● **Entries supplied**

---*---

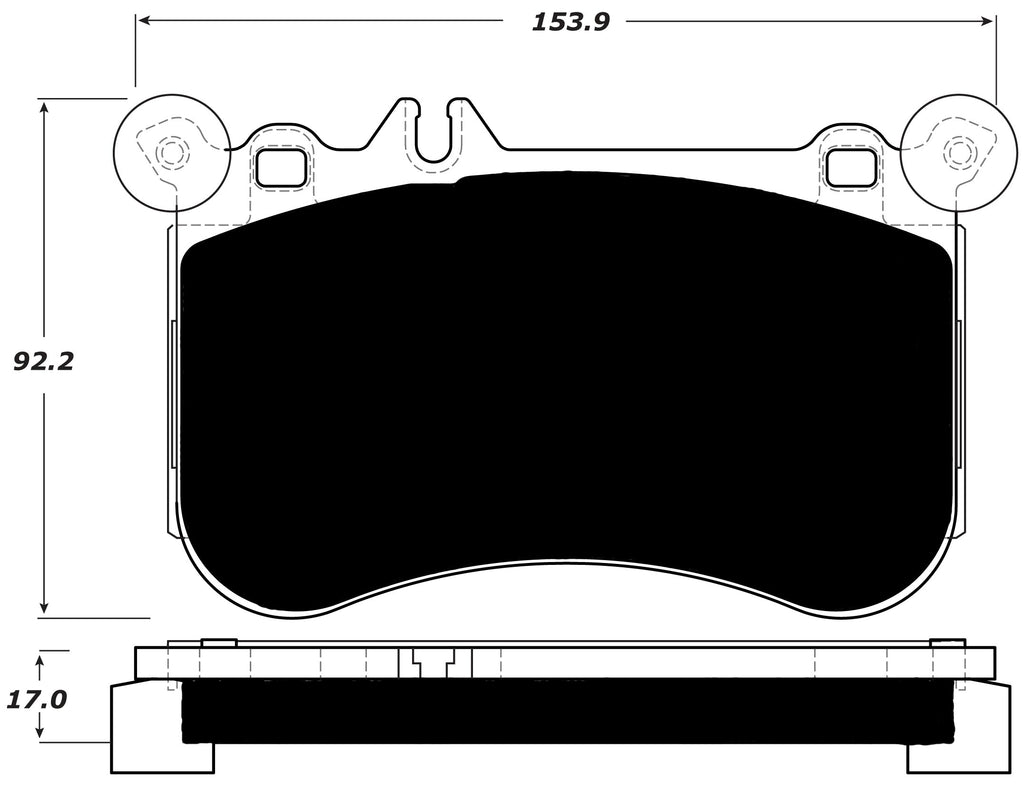 Porterfield Brake Pads for 2015 MERCEDES-BENZ CLS550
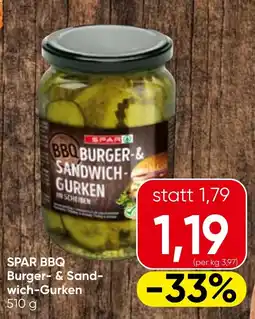 Spar SPAR BBQ Burger- & Sandwich-Gurken Angebot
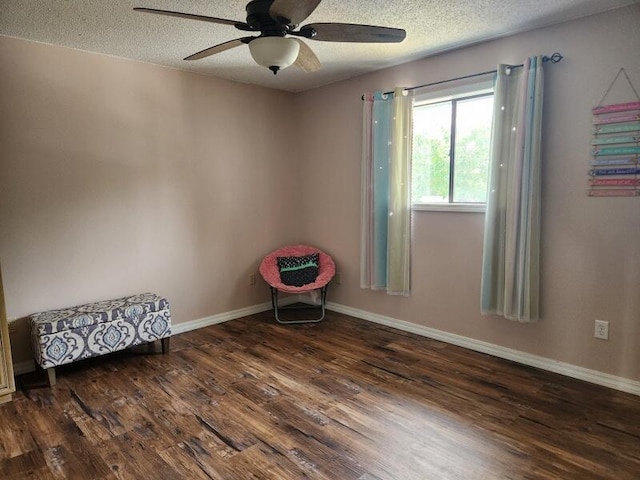 388 Notch Ln Unit 12, Branson West, MO 65737 - spare room featuring wood finished floors, a textured ceiling, ceiling fan, and baseboards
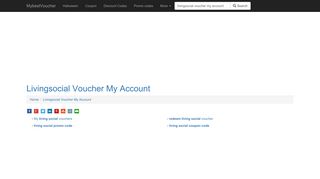 Livingsocial Voucher My Account - My Best Voucher - Livingsocial Account Portal Uk
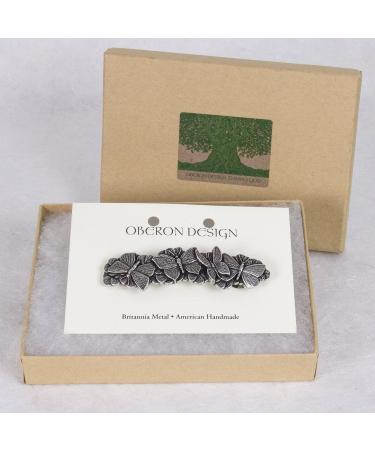 Handcrafted Butterflies Hair Clip - Made in USA 70mm Metal Barrette by Oberon Design - Buy Online on GoSupps.com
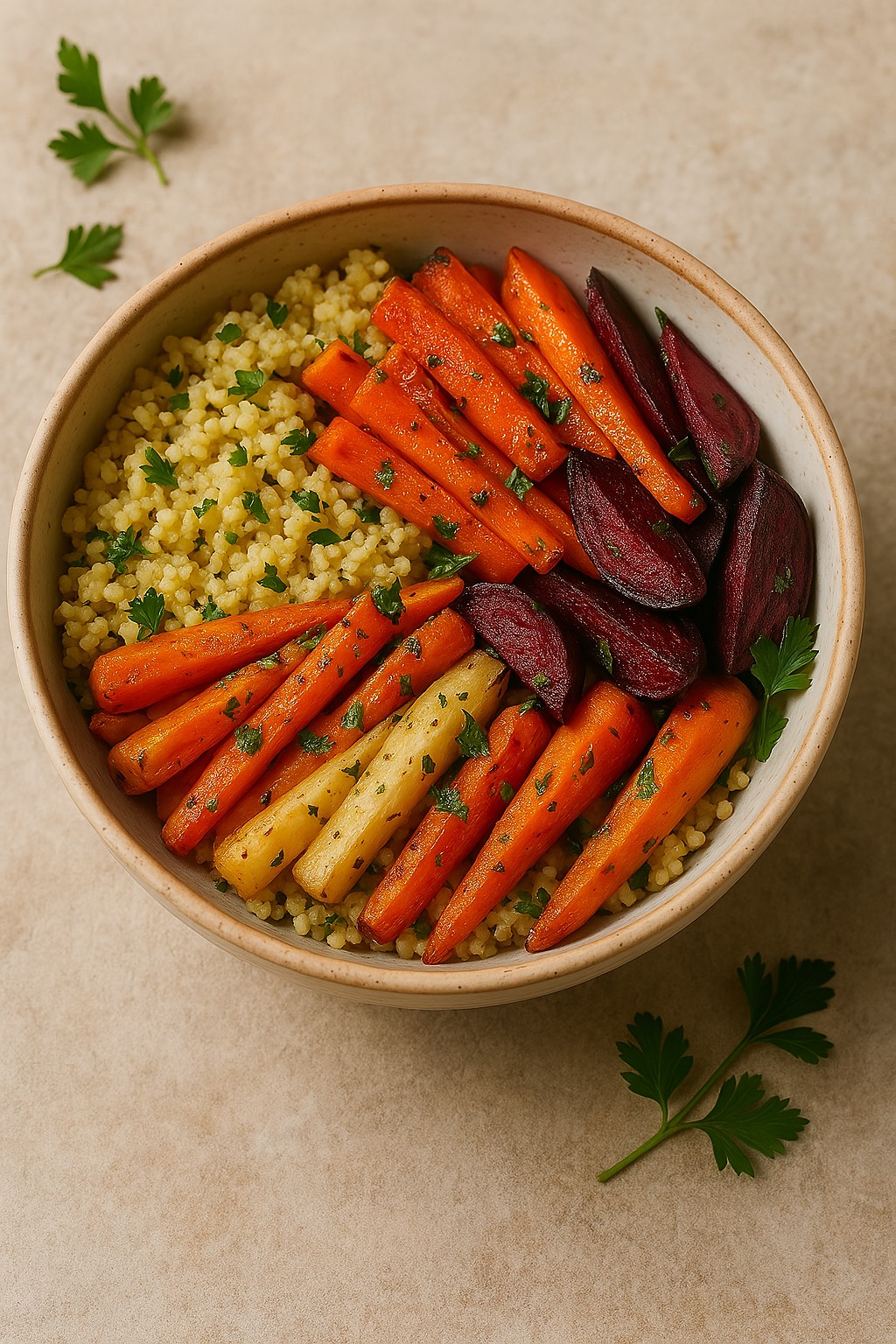 Millet & Roasted Vegetable Medley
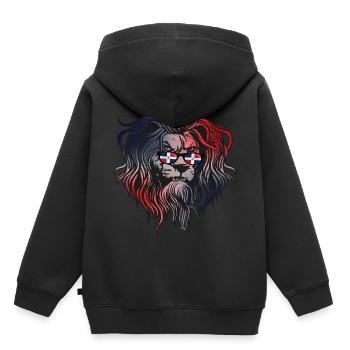 Dominikanische Republik - Kinder Premium Organic Hoodie - Schwarz - Hinten - AI Model Kid Male (0cm)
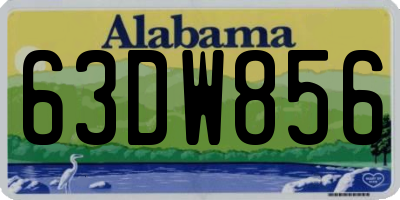 AL license plate 63DW856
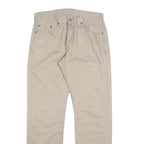 LEVI'S Mens Regular Beige Cotton Blend Trousers W30 L32 Classic Zip 5-Pocket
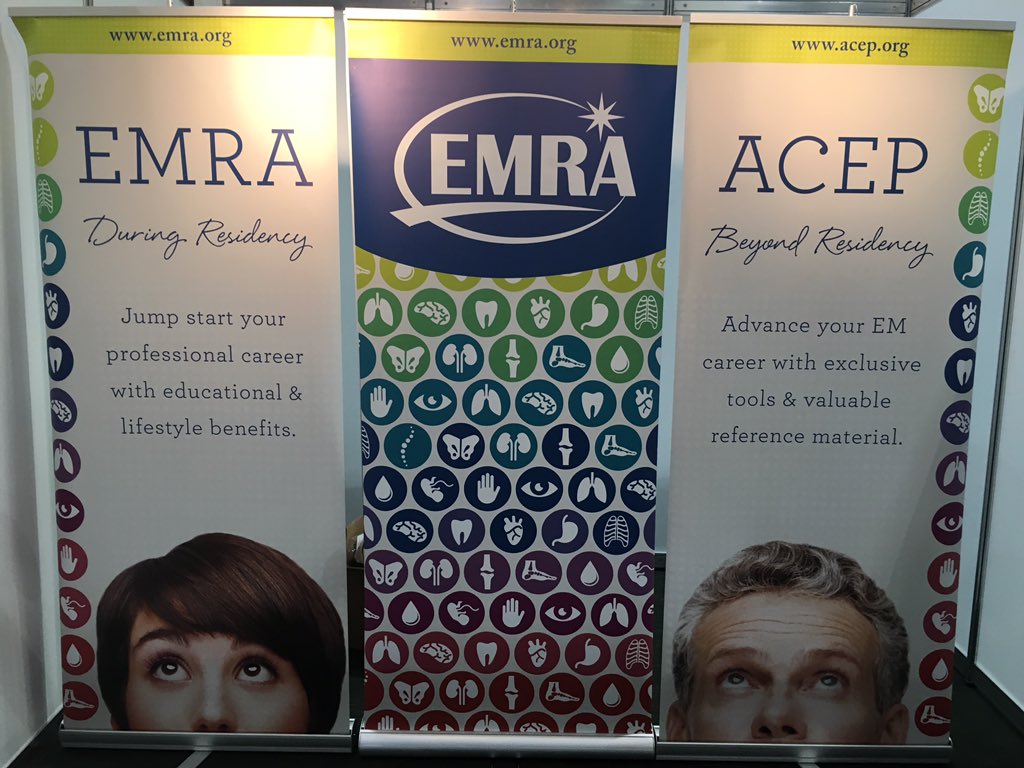 emresidents's tweet photo. EMRA is getting ready at #smaccDUB to greet emergency medicine residents and registrars. https://t.co/ilZ1W6xKfb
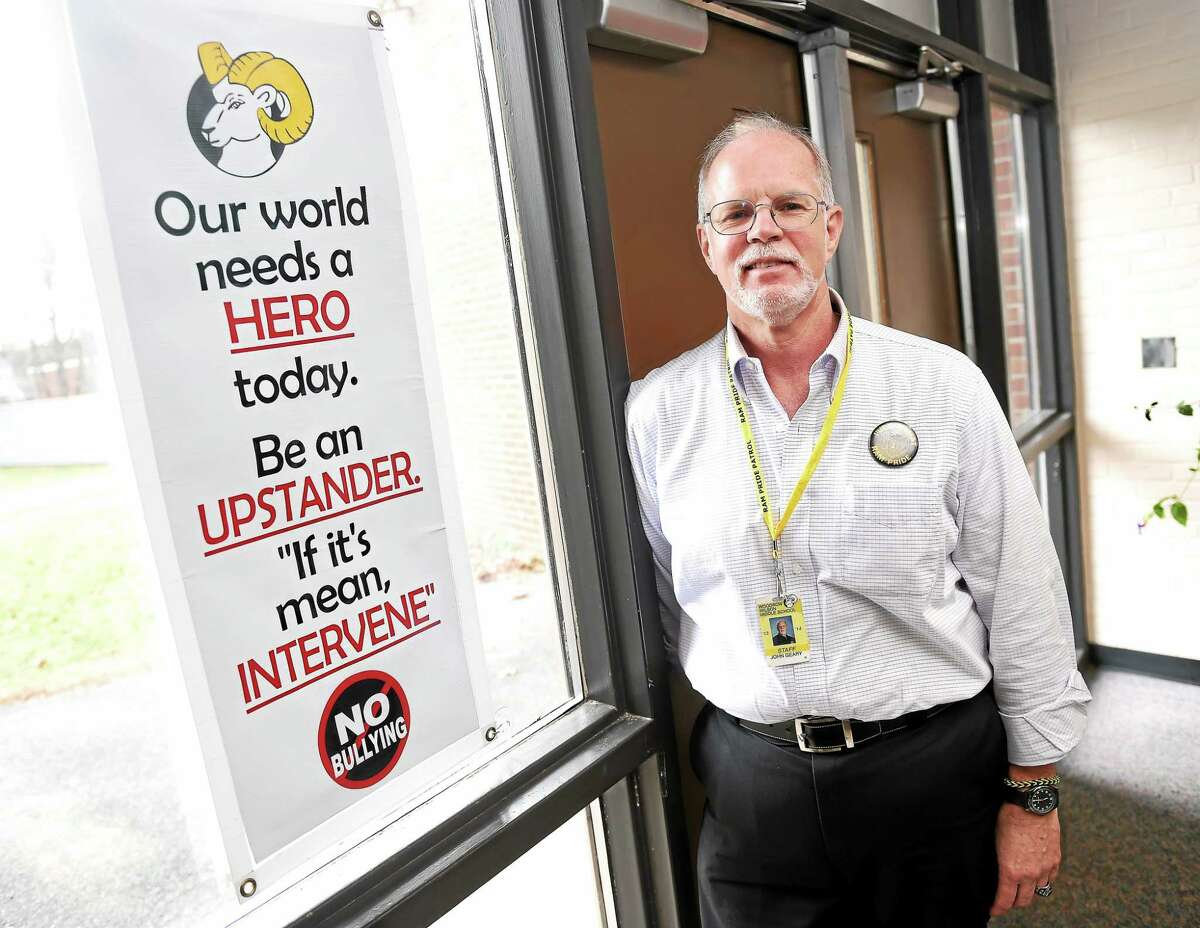 Teacher John Geary was The Middletown Press’ Person of the Year 2014.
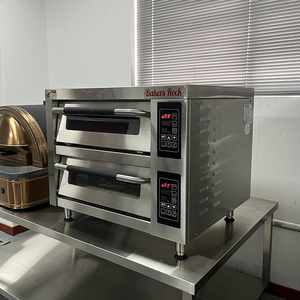 Gewerblicher Elektrischer Etagenbackofen für Pizza und Brot mit <span class=keywords><strong>2</strong></span> Blechen und Förderband - Product Image 3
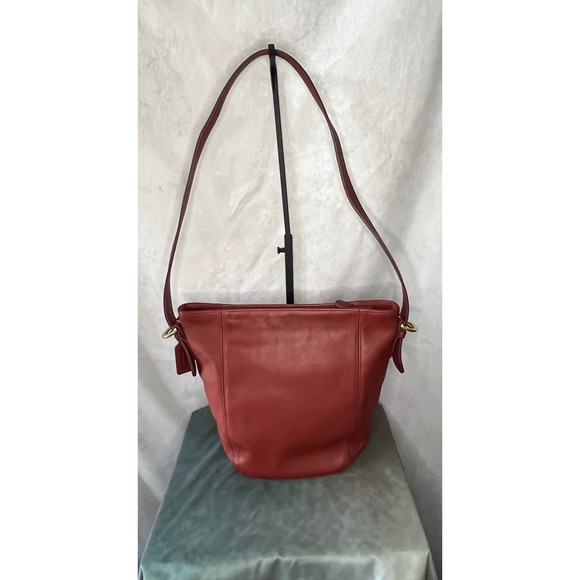 Vintage Coach Monterey Hobo #4027 – Berry Red Leather, 90s, Rare Collectors Bag - Picture 1 of 9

---*---

● **Task objective**
Skip all pictures. Copy exactly the lines from the one containing "388 Notch Ln" through the end of the records, both ends included.

● **Solution to this task**
 388 Notch Ln Unit 12, Branson West, MO 65737 - spare room featuring wood finished floors, a textured ceiling, ceiling fan, and baseboards
 Livingsocial Voucher My Account - My Best Voucher - Livingsocial Account Portal Uk
 Handcrafted Butterflies Hair Clip - Made in USA 70mm Metal Barrette by Oberon Design - Buy Online on GoSupps.com
 Millet & Roasted Vegetable Medley
 Dominikanische Republik - Kinder Premium Organic Hoodie - Schwarz - Hinten - AI Model Kid Male (0cm)
 AL license plate 63DW856
 LEVI'S Mens Regular Beige Cotton Blend Trousers W30 L32 Classic Zip 5-Pocket
 emresidents's tweet photo. EMRA is getting ready at #smaccDUB to greet emergency medicine residents and registrars. https://t.co/ilZ1W6xKfb
 Teacher John Geary was The Middletown Press’ Person of the Year 2014.
 Gewerblicher Elektrischer Etagenbackofen für Pizza und Brot mit <span class=keywords><strong>2</strong></span> Blechen und Förderband - Product Image 3
 Vintage Coach Monterey Hobo #4027 – Berry Red Leather, 90s, Rare Collectors Bag - Picture 1 of 9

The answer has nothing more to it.